Short text fragments from websites:
§

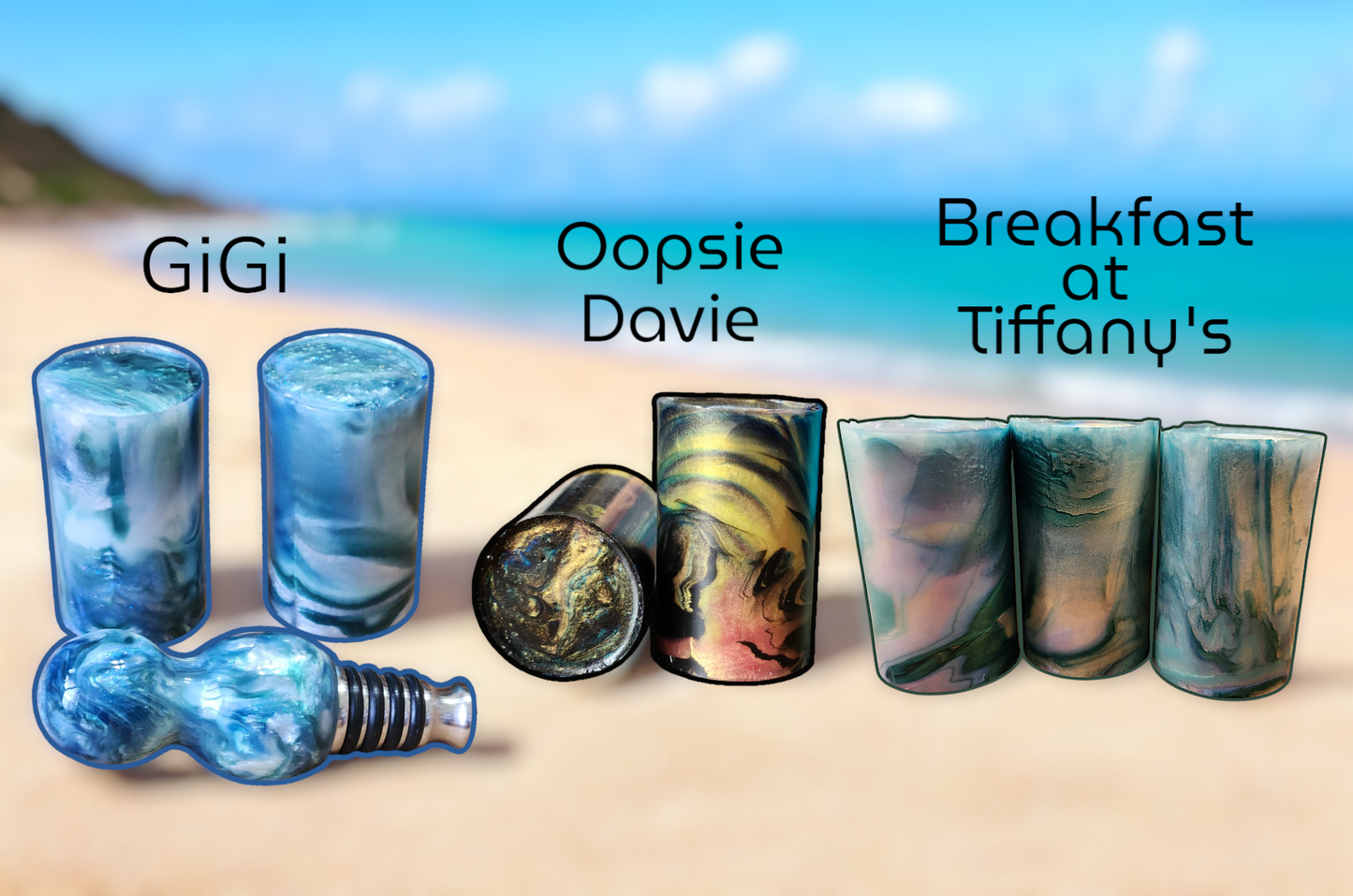 Stopper / duck call blanks
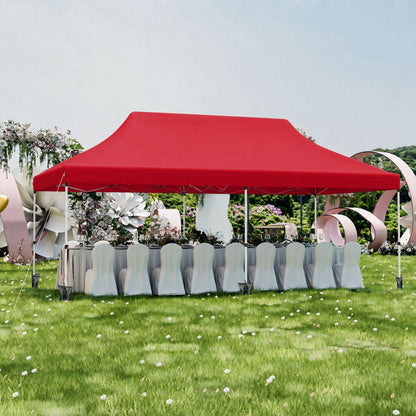 Pop Up Canopy Tent 10x20 FT with Carry Bag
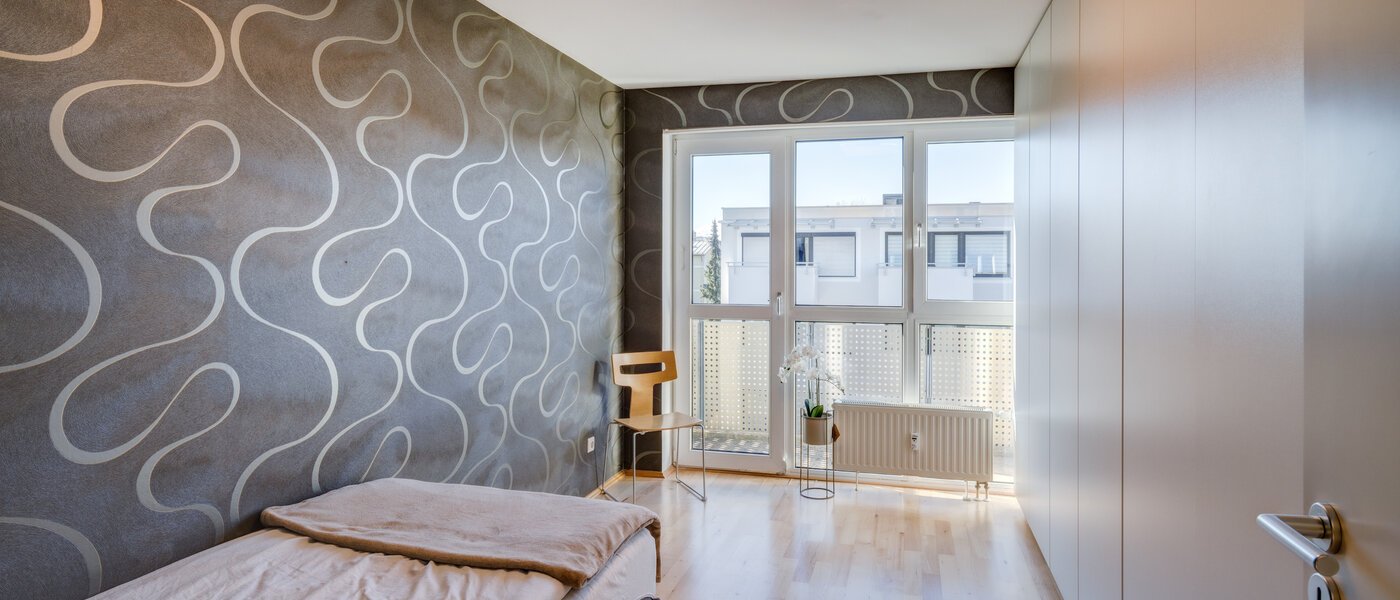 Dachterrassenwohnung München Neuhausen 01 3. Schlafzimmer 13988
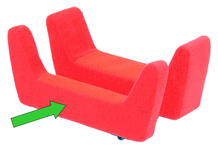 Seat Extension- 2 inch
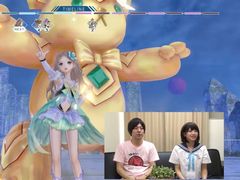 「BLUE REFLECTION 幻に舞う少女の剣」，発売記念カウントダウンスペシャル動画企画「実況プレイムービー えなこ編」が公開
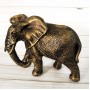 Сувенир полистоун Слон африканский, 17 см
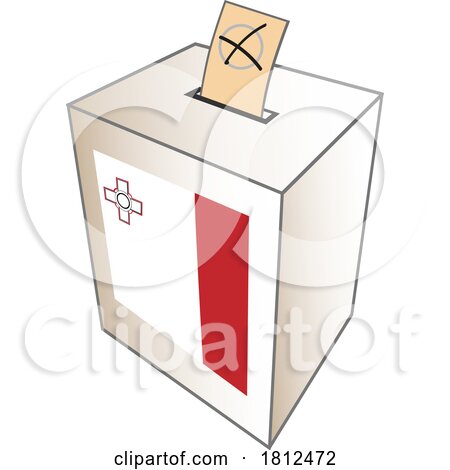 Malta Ballot Box by Domenico Condello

§

Return every entry word for word, minus the pictures.

:: EXPECTED ANSWER ::
 Stopper / duck call blanks
 Pop Up Canopy Tent 10x20 FT with Carry Bag
 Dachterrassenwohnung München Neuhausen 01 3. Schlafzimmer 13988
 Seat Extension- 2 inch
 「BLUE REFLECTION 幻に舞う少女の剣」，発売記念カウントダウンスペシャル動画企画「実況プレイムービー えなこ編」が公開
 Сувенир полистоун Слон африканский, 17 см
 Malta Ballot Box by Domenico Condello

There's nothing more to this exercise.